Brown’s initial entry to Country Radio was the sad and soulful “Drowning In Memories.” That Top-40 single helped him to establish himself, and by the winter of 1986, he had warmed up to audiences with the bluesy hit “I Tell It Like It Used To Be.” Other hits quickly followed, with his first self-penned release “Hell And High Water,” which became his first number one song. “I Wish That I Could Hurt That Way Again” and “Don’t Go To Strangers” were the next releases, which all became chart-toppers.

The soulful vocal stylings of T. Graham Brown were all over the airwaves, as his sophomore release Brilliant Conversationalist added more titles to his arsenal of hits, such as the seductive “The Last Resort,” and “She Couldn’t Love Me Anymore.” It was a time period that Brown sums up as something of a blur.

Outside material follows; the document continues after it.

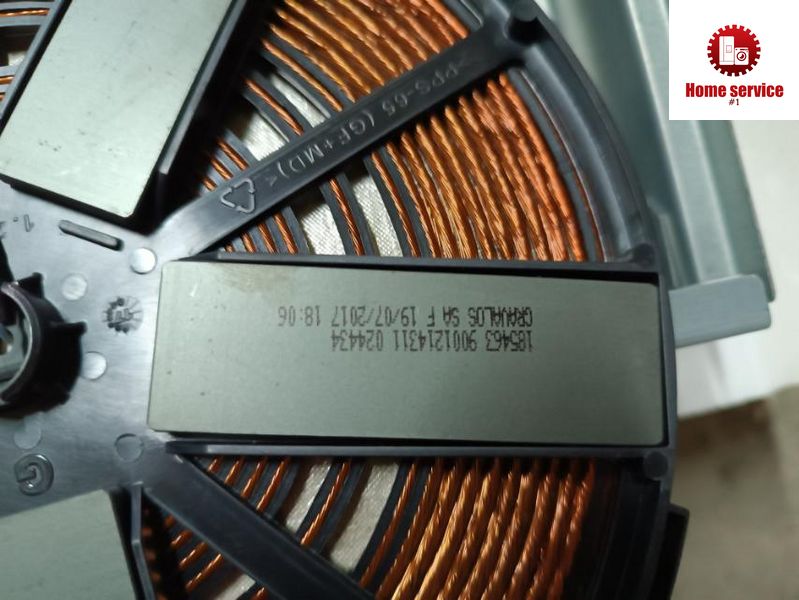 Б/У Поле индукции варочной поверхности Siemens EH675LFC1E/02. Код товара 185463 9001214311 024434. Диаметр 195мм  1721*E фото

“Doing shows, visiting radio stations and promoting our records, kept me out on the road over 300 days a year and that was a lot of traveling! This was when I was on tour with Kenny Rogers, who was the biggest thing going back then. I was learning so much about the business and having the time of my life. I wouldn’t have missed it for the world!”

His audiences continued to make him a radio favorite as he continued to amass more hits like “Darlene,” the smash duet “Don’t Go Out” with Tanya Tucker, and the regret-filled “If You Could Only See Me Now.”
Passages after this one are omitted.